# Description of the task
Taking only the lines of the data below from the line with "61- Una processione" to the line with "Фото 13 - Jeep Gladiator", ends included, write them out exactly and without pictures.

# Dataset entries
* * * * * * * * *

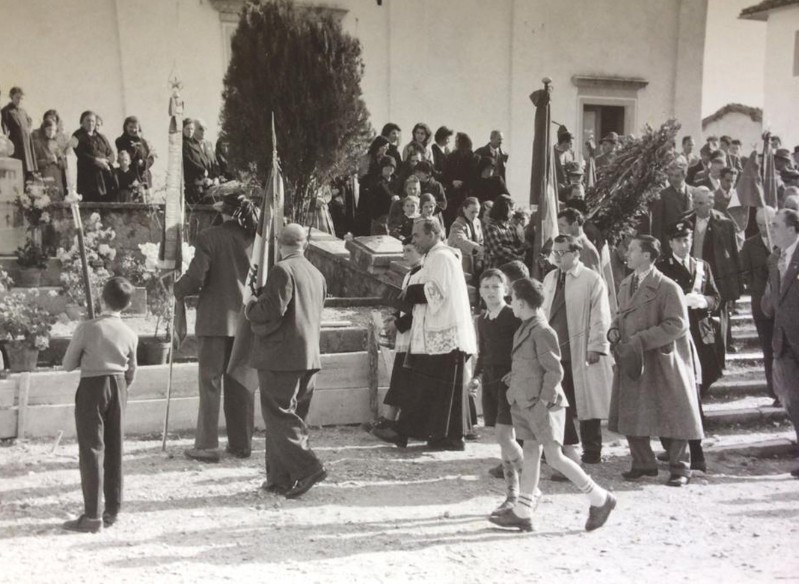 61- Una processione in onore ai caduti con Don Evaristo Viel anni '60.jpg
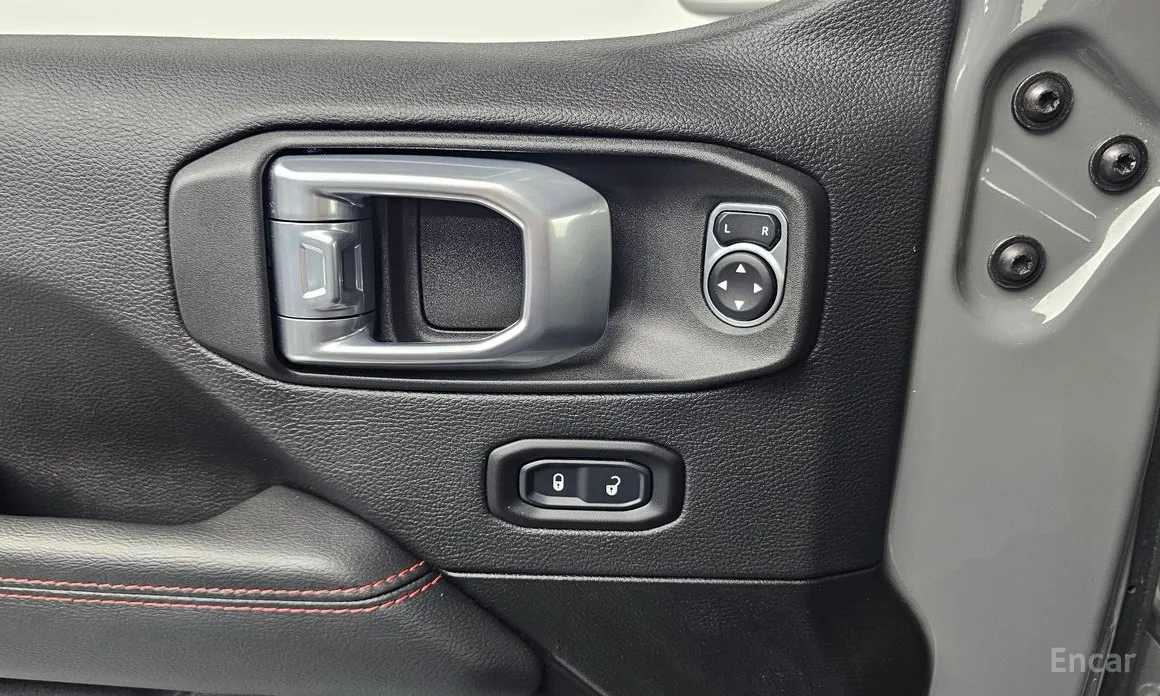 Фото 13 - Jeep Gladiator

* * * * * * * * *

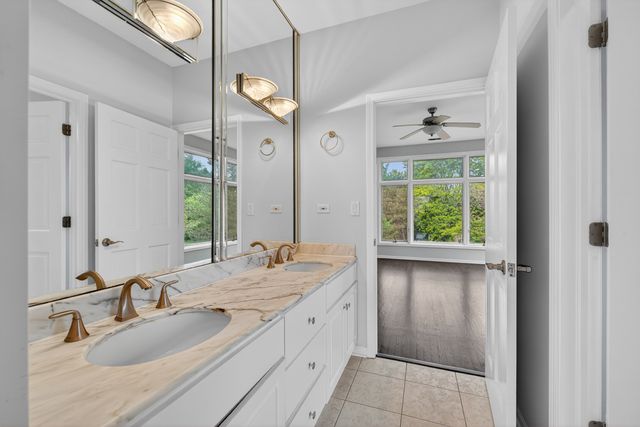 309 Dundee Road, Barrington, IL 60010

* * * * * * * * *

# Response for this exercise
 61- Una processione in onore ai caduti con Don Evaristo Viel anni '60.jpg
 Фото 13 - Jeep Gladiator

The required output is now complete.